(Work order):
Task for the records below: copy exactly from the first line on, stopping once the line with "Gabriela Cavallin com" is copied, and leave out the pictures.

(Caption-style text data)
********

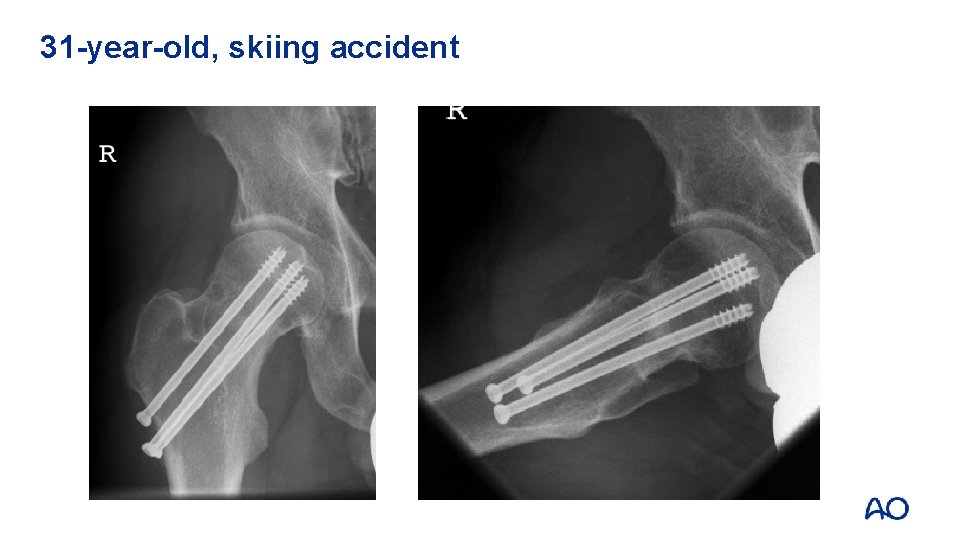 31 -year-old, skiing accident 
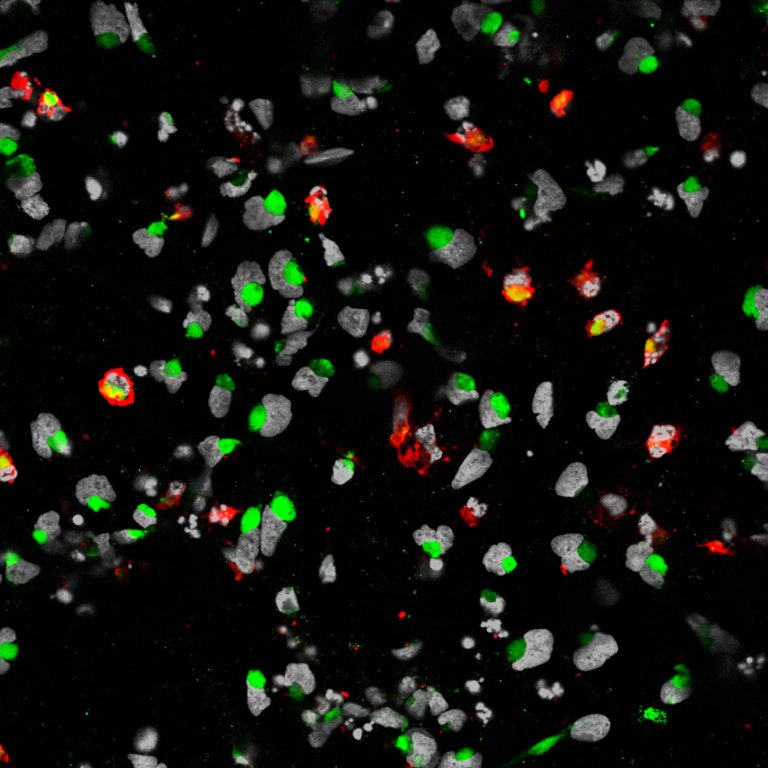 New Research Shows that Zika Virus Kills Brain Cancer Stem Cells
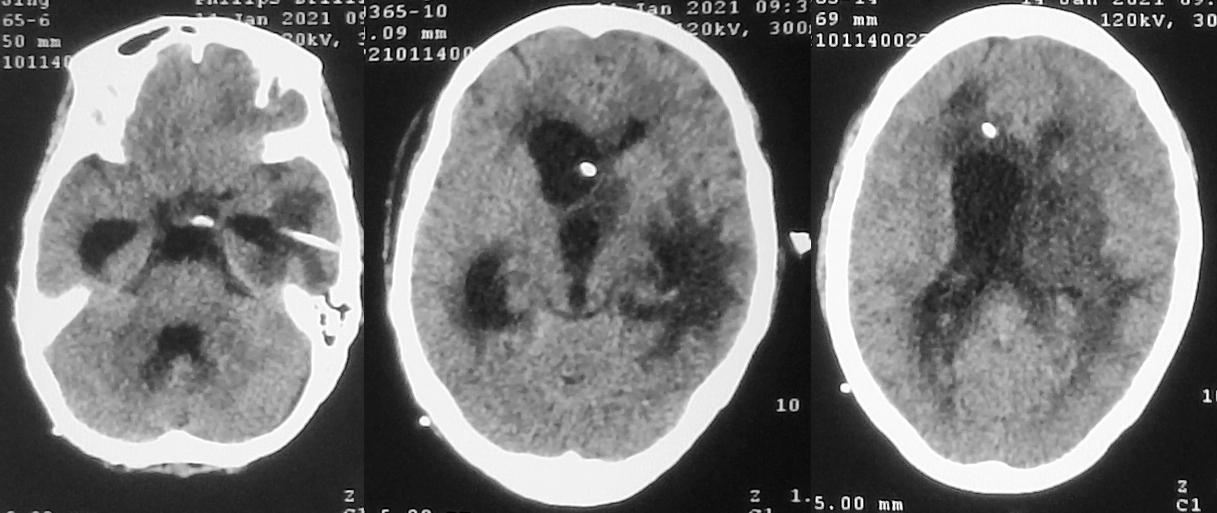脑脓肿合并脑膜炎需要手术吗,脑脓肿进入左侧脑室严重吗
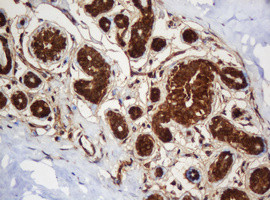 SERBP1 Antibody in Immunohistochemistry (Paraffin) (IHC (P))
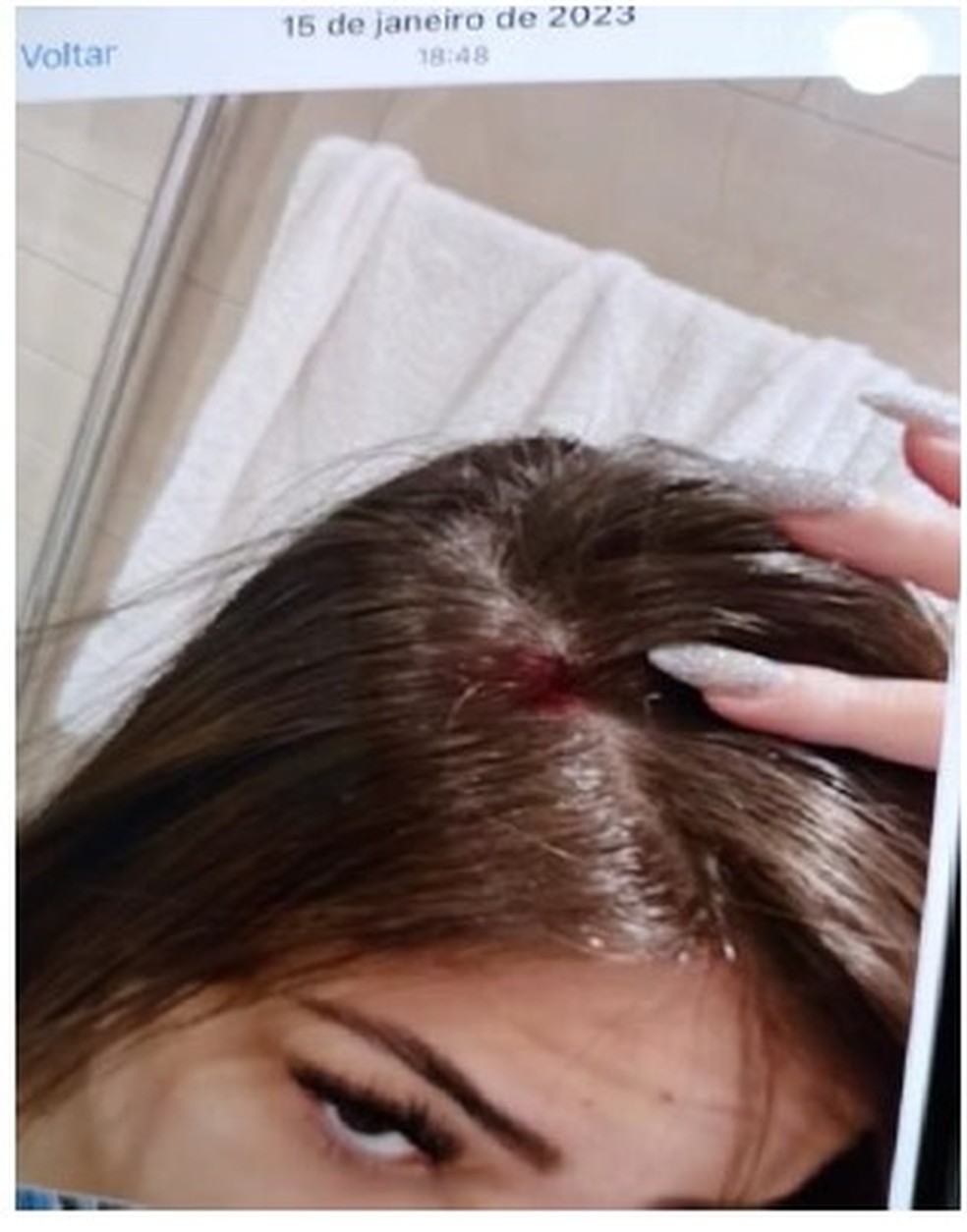 Gabriela Cavallin com ferimento na cabeça — Foto: Reprodução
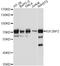 Insulin Like Growth Factor 2 MRNA Binding Protein 2 antibody, A1774, ABclonal Technology, Western Blot image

********

(Written response):
 31 -year-old, skiing accident 
 New Research Shows that Zika Virus Kills Brain Cancer Stem Cells
脑脓肿合并脑膜炎需要手术吗,脑脓肿进入左侧脑室严重吗
 SERBP1 Antibody in Immunohistochemistry (Paraffin) (IHC (P))
 Gabriela Cavallin com ferimento na cabeça — Foto: Reprodução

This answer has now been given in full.